There was a time when market-based approaches seemed to fall off the radar in discussions of climate policy, but carbon markets are back.
Well-designed emission trading systems offer the combination of flexibility, incentives and guaranteed results that help polluters meet their targets – while leaving it up to the market to figure out the best way to meet them, driving costs down.
This is why so many companies are staunch supporters of emissions trading, and why national and international efforts are taking off.
Here are three indications we may be entering a golden age for carbon markets and what it means for COP21, the international climate talks that begin in Paris later this month.
1. Carbon markets are going global
Climate progress in the United States and China is changing the global dynamic.
Gone are the days when the two largest emitters blame each other for inaction, and their bilateral progress is inspiring commitments around the world. All told, cap-and-trade programs are in place in more than 50 jurisdictions worldwide that are home to nearly a billion people.
Quebec and California have linked their carbon markets, creating North America’s largest cap-and-trade system, becoming the first example of subnational jurisdictions in different countries launching a joint market.
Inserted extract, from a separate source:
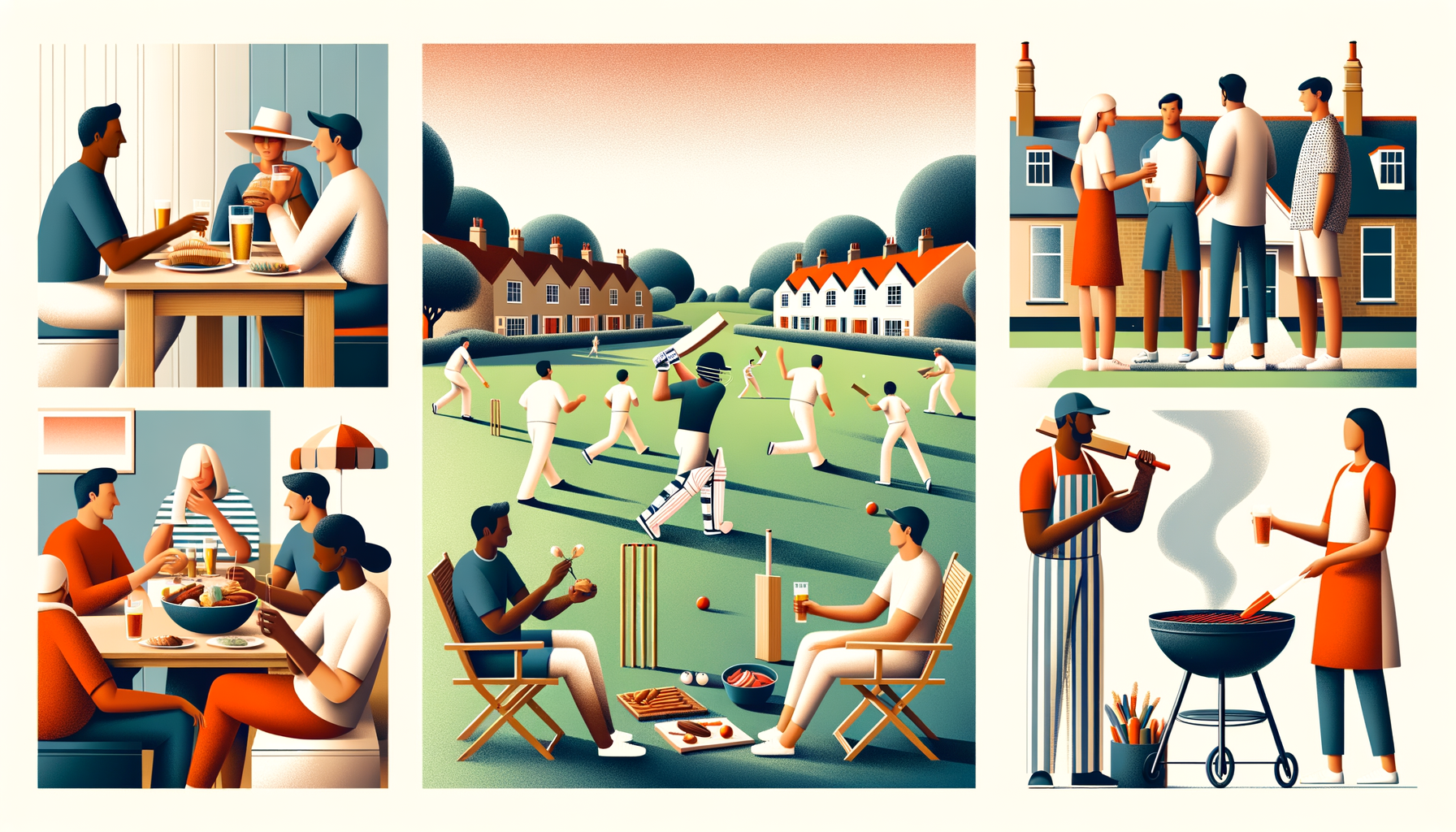 Cricket for a cause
And more programs are in the works.
Ontario, Canada’s most populous province and home to a significant manufacturing base, is developing a cap-and-trade program to launch by 2017 and link to California and Quebec’s market by 2018. Having the largest U.S. state and Canadian province in a formal, linked carbon market will help lay the foundation for further carbon market collaboration in North America and beyond.
China, meanwhile, is set to open a national carbon market in 2017, the world’s largest.
2. Next: International aviation and tropical forests
One of the most exciting opportunities is in international aviation.
The International Civil Aviation Organization (ICAO) is developing a market-based mechanism for consideration at its next Triennial Assembly in 2016 to help the sector meet its stated commitments to carbon-neutral growth from 2020 and a 50-percent cut by 2050.
That would cap emissions from a global sector that accounts for roughly 2 percent of carbon emissions, and growing fast, and would set a powerful precedent for international cooperation on climate change.